As someone with a good pulse on the sport and first hand experience of the struggles within Stewart-Haas Racing, the crew chief of the No. 10 has liked what he’s seen from his team compared to the last couple seasons.

“ I thought our cars had probably more potential this year, and that showed it,” Blickensderfer said. “I think we were passing cars that win races at the end of that race. We haven’t been in that situation in the last year or two. 

“Days like today build confidence to where we should improve on that. (Noah’s) gonna unload at Phoenix and just feel better about everything we have going on, and that’s invaluable.”

While it may be a small sample size, things are looking up for Gragson and Stewart-Haas Racing. Anytime a young driver and battle-tested team can walk away with a top-10 day, it’s huge. But the manner in which it was achieved shouldn’t be overlooked.

After starting 30th, Gragson had worked his way to the top-20 by the time the first caution flew on Lap 11. Then, the lug nut came off the right-rear wheel during the first pit stop of the day, setting them as far back as 34th on the restart.

This would end up being the No. 10 team’s only flaw throughout the afternoon, in a race where many contenders like Kyle Busch and fourth-place finisher Ross Chastain faltered late on pit road.

But for Gragson, the most challenging thing for him on track was capitalizing on restarts. He’d consistently lose a handful of spots each time racing resumed, until his final attempt of the day, where he restarted 10th and drove up to as high as fifth in the closing 27 laps.

“I lost spots on pretty much every restart all day except for the last one, so I knew where not to go,” Gragson said. “I went to the bottom, I went to the top, I tried to go up to the fence – nothing really worked. Then that last one, I just stuck middle-tight to those guys’ doors, and we got a good run off (Turn) 2, and got to clear some of those guys.”

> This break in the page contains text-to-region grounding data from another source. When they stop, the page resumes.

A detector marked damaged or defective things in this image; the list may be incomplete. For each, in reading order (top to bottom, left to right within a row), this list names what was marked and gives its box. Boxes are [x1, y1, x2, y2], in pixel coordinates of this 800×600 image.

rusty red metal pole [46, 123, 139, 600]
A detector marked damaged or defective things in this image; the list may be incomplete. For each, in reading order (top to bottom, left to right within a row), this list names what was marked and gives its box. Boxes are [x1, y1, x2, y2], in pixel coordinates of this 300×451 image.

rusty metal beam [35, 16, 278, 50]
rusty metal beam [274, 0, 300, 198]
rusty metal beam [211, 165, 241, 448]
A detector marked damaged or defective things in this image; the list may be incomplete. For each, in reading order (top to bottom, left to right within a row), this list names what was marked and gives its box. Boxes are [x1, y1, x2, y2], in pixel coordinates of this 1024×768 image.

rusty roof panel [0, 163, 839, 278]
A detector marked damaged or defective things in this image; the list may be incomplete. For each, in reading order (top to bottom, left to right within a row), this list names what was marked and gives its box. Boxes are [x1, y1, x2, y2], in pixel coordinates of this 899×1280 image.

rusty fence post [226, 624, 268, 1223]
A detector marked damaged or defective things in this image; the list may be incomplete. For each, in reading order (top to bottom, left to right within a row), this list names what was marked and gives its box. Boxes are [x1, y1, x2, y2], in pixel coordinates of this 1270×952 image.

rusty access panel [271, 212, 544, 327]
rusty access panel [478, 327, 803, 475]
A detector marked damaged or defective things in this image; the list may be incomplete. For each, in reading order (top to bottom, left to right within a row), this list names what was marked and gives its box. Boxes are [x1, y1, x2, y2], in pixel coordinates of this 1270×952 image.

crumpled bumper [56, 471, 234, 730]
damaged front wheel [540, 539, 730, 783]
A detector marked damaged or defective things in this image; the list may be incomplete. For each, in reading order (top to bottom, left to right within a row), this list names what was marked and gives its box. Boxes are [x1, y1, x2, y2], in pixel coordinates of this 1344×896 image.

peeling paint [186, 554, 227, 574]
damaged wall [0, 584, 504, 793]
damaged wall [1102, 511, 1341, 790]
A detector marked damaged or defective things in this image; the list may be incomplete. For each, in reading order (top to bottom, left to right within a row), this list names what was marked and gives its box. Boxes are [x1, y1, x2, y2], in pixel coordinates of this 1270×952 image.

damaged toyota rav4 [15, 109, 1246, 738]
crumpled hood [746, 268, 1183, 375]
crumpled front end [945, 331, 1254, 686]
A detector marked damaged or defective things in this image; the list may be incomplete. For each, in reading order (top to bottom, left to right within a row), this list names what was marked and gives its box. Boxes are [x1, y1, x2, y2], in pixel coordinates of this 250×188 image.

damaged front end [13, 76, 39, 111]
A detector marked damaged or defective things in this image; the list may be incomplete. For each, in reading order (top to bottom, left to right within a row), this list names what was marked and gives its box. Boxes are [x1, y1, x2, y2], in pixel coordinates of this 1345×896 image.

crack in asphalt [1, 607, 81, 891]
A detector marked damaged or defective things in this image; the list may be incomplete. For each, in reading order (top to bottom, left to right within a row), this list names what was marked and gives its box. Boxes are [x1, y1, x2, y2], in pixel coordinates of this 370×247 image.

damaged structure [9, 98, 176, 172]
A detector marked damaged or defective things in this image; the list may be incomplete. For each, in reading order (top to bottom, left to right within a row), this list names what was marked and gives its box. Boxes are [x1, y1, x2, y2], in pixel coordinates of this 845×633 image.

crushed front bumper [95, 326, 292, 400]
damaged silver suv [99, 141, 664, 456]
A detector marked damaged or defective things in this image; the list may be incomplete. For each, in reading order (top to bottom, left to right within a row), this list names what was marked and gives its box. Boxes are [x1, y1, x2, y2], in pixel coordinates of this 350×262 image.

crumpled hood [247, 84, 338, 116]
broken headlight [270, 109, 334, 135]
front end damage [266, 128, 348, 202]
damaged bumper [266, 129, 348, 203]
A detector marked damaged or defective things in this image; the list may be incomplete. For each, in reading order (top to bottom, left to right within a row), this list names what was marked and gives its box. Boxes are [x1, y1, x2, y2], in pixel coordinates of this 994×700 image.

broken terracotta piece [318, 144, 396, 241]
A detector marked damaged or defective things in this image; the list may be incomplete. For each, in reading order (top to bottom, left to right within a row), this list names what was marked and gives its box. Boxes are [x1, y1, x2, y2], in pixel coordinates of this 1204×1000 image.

Overall, Gragson’s most important lessons learned from his career-day were staying persistent and mentally focused. 

In leaning on these themes, he was able to score his first quality finish on a non-drafting track in Cup and was ranked the fifth-most efficient passer in the Pennzoil 400 according to Auto Racing Analytics at 35.9%.

Leaving Las Vegas, Gragson and the No. 10 team made their presence known. While he may have come up one-spot short of matching his career-best finish at NASCAR’s top level, the 25-year-old should have a tidal wave of momentum and confidence on his side entering Phoenix.

“Last year was a challenge,” Gragson said. “I felt like I had to drive way over my head just to keep up for like 33rd. This, I feel a lot calmer, a lot more relaxed, the car has a lot of speed, and that allows me just to be patient and methodical and letting the race come to me. 

“It’s just our third race together as a group, so we want to keep on growing. Communication is everything, and it’s going to still take weeks to keep on growing, but we’re going to get there.”